"The look is the mirror of the soul," dictates a popular saying, or "the eyes confess in silence the secrets of the heart," says another poetic phrase of St. Jerome. But there is much more: the eyes, with careful clinical analysis, often reflect a person's state of health or illness. The ophthalmologist can easily see, with clinical observation, the anterior segment of the eye, changes in colour of the retina, abnormalities in the shape or path of arterioles and venules, lesions that are part of general diseases and even primary intraocular tumours or related to a cancer of extraocular localization.
What do we know today?
The retina is a highly specialized tissue with a very complex internal structure composed of multiple interconnected cell types. Light, after passing through the cornea and the inside of the eyeball, affects the photoreceptors of the retina (cones and canes) triggering a series of chemical and electrical phenomena, which finally translate into nerve impulses that are sent to the brain through the optic nerve. This complex anatomy can be altered by common processes (retinal detachment, degenerative diseases related to myopia or age, trauma and vascular lesions associated with hypertension or diabetes mellitus, to cite a few examples). Either of these situations is relatively easy to diagnose and can be approached with different treatment options that should be appropriately indicated in each case. Undoubtedly, in recent years, both the pharmaceutical industry as well as the technological and the new surgical instrumentation have collaborated very well in the progress of the treatment and the prognosis of these more common diseases. However, there are more unfortunate cases, because they present with a much lower incidence, their diagnosis is more difficult, they often require a highly specialized medical care - available only in reference centers - and often are intractable situations: they are rare diseases. This complex group includes congenital retinal malformations (uni or bilateral), heredodegenerative diseases and retinal dystrophies - which always affect both eyes - ocular manifestations of general illnesses - inflammation, metabolic disorders, neurological diseases , Mucopolysaccharidosis, blood dyscrasias, skin diseases, rheumatic diseases-, intraocular tumors and also retinopathies that appear due to toxicity of generally administered drugs, such as chloroquine.

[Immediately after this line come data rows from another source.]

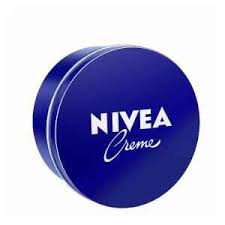 NIVEA CREME 96.8GM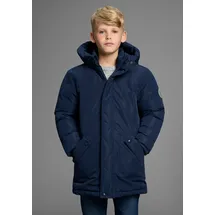 KangaROOS Winterjacke Blau 176/182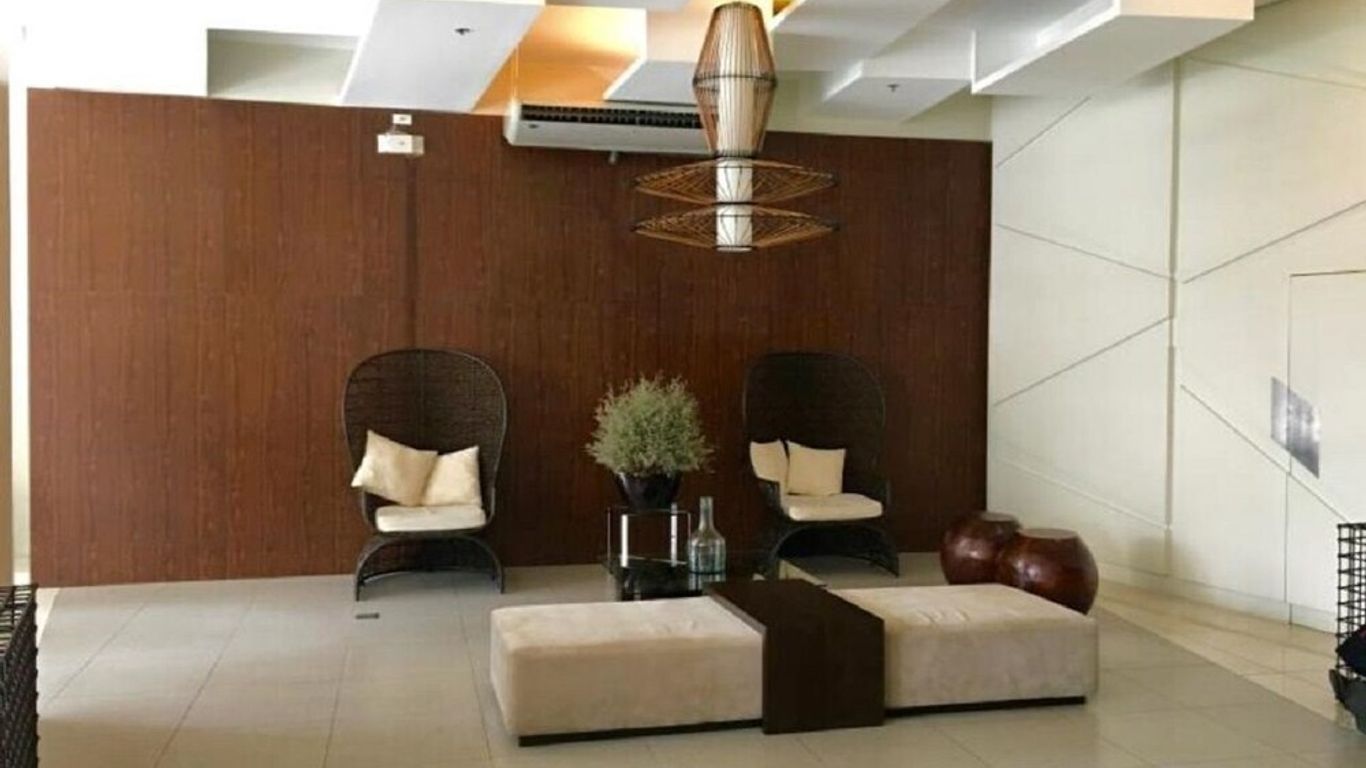 The Beacon by Good Rent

The current approach to these diseases is based on making a correct diagnosis, which is not always easy, and then assess which is the best medical or surgical option. For this, it is essential to have a well-prepared medical team, multidisciplinary, with a technical and human support of the first level to be able to carry out the assessment of the case, complementary tests and the most appropriate therapy. A correct diagnosis also allows the possibility of being able to inform the long-term prognosis and, possibly, in the case of a disease with a genetic component, to recommend the clinical study of the relatives. In many ways, the surprising progress that molecular biology and genetics have played in the last decade - and whose most visible result is the decoding of the human genome, allows us to augur the advent of new therapeutic and diagnostic tools.
What does the future hold?
Sketching an outlook on medicine in the future is not an easy task, because one runs the risk of confusing what is nourished by science with what comes from science fiction. However, there is a way to minimize this risk: tap into certain fields of medical research that are already beginning to show promising results. Therapies capable of correcting genetic defects that cause diseases in the retina, tissues created in vitro for transplantation, electronic microchips implanted inside the eyeball, personalised medecine, surgical maneuvers assisted by robotics, are some of the protagonist of the present and the near future of ophthalmology and medicine in general. These technological advances predict a very promising future for a multitude of diseases, not forgetting that, as the Barraquer school preaches, patient care should never be dehumanized.